*Assignment*: Only the lines from the top of the material through the line containing "Up Factory Prana" should be restated, each one exactly.

*Exercise inputs*:

************

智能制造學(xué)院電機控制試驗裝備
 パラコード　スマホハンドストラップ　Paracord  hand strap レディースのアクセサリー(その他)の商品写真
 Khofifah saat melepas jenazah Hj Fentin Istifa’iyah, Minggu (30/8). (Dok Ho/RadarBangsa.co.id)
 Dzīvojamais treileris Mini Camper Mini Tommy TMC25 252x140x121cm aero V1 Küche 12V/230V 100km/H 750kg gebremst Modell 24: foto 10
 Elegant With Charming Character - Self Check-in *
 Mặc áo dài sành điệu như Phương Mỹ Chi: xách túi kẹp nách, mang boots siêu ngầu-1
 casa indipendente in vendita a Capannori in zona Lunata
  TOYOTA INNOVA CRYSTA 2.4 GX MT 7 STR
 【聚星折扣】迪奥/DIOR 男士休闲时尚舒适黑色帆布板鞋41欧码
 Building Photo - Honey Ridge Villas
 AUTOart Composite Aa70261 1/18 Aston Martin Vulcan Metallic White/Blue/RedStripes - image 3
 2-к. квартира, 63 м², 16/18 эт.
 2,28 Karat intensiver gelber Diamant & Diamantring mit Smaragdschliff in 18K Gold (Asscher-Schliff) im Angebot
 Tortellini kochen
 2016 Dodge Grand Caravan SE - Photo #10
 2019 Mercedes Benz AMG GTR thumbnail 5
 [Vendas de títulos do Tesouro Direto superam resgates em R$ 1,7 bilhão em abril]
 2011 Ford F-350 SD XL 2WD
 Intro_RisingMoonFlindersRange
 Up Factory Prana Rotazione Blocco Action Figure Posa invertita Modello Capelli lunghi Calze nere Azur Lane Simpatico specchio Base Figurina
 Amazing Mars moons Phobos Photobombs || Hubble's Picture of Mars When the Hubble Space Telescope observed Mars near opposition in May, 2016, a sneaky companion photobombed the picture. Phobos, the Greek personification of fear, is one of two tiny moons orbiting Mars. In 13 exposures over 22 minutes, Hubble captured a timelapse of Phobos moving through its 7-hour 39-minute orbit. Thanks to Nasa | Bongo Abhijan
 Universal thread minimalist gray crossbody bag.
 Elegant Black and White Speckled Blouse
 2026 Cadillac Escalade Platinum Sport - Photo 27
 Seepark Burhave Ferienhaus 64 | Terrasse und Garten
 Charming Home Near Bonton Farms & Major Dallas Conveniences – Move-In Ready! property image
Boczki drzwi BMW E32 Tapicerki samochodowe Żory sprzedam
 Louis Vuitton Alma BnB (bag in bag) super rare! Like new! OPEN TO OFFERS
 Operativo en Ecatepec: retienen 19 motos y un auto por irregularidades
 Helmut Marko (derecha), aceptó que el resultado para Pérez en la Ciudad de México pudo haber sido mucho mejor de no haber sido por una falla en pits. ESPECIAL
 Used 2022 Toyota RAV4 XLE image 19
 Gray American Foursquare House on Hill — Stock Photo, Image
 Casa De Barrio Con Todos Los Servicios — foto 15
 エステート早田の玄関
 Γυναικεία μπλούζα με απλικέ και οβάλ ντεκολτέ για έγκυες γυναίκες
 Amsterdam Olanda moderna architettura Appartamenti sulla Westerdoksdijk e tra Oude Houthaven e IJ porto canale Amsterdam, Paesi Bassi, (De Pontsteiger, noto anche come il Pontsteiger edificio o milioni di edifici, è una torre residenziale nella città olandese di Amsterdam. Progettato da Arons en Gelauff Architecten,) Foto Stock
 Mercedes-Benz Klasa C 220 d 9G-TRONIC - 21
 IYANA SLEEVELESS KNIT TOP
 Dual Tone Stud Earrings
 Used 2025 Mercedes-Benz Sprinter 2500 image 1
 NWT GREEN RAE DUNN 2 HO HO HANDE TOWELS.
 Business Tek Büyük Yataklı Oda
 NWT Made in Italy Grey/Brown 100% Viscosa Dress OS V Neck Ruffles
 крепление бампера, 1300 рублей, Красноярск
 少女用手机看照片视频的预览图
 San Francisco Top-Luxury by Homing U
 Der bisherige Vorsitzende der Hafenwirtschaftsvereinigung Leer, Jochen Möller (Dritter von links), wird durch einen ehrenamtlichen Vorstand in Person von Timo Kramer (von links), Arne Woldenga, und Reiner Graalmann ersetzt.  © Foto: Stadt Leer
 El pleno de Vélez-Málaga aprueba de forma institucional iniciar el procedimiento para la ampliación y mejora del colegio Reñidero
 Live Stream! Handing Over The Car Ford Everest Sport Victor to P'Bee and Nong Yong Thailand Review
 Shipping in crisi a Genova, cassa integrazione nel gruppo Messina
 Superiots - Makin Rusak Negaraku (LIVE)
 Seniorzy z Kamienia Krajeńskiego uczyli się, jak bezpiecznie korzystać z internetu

************

*Solved problem*:
智能制造學(xué)院電機控制試驗裝備
 パラコード　スマホハンドストラップ　Paracord  hand strap レディースのアクセサリー(その他)の商品写真
 Khofifah saat melepas jenazah Hj Fentin Istifa’iyah, Minggu (30/8). (Dok Ho/RadarBangsa.co.id)
 Dzīvojamais treileris Mini Camper Mini Tommy TMC25 252x140x121cm aero V1 Küche 12V/230V 100km/H 750kg gebremst Modell 24: foto 10
 Elegant With Charming Character - Self Check-in *
 Mặc áo dài sành điệu như Phương Mỹ Chi: xách túi kẹp nách, mang boots siêu ngầu-1
 casa indipendente in vendita a Capannori in zona Lunata
  TOYOTA INNOVA CRYSTA 2.4 GX MT 7 STR
 【聚星折扣】迪奥/DIOR 男士休闲时尚舒适黑色帆布板鞋41欧码
 Building Photo - Honey Ridge Villas
 AUTOart Composite Aa70261 1/18 Aston Martin Vulcan Metallic White/Blue/RedStripes - image 3
 2-к. квартира, 63 м², 16/18 эт.
 2,28 Karat intensiver gelber Diamant & Diamantring mit Smaragdschliff in 18K Gold (Asscher-Schliff) im Angebot
 Tortellini kochen
 2016 Dodge Grand Caravan SE - Photo #10
 2019 Mercedes Benz AMG GTR thumbnail 5
 [Vendas de títulos do Tesouro Direto superam resgates em R$ 1,7 bilhão em abril]
 2011 Ford F-350 SD XL 2WD
 Intro_RisingMoonFlindersRange
 Up Factory Prana Rotazione Blocco Action Figure Posa invertita Modello Capelli lunghi Calze nere Azur Lane Simpatico specchio Base Figurina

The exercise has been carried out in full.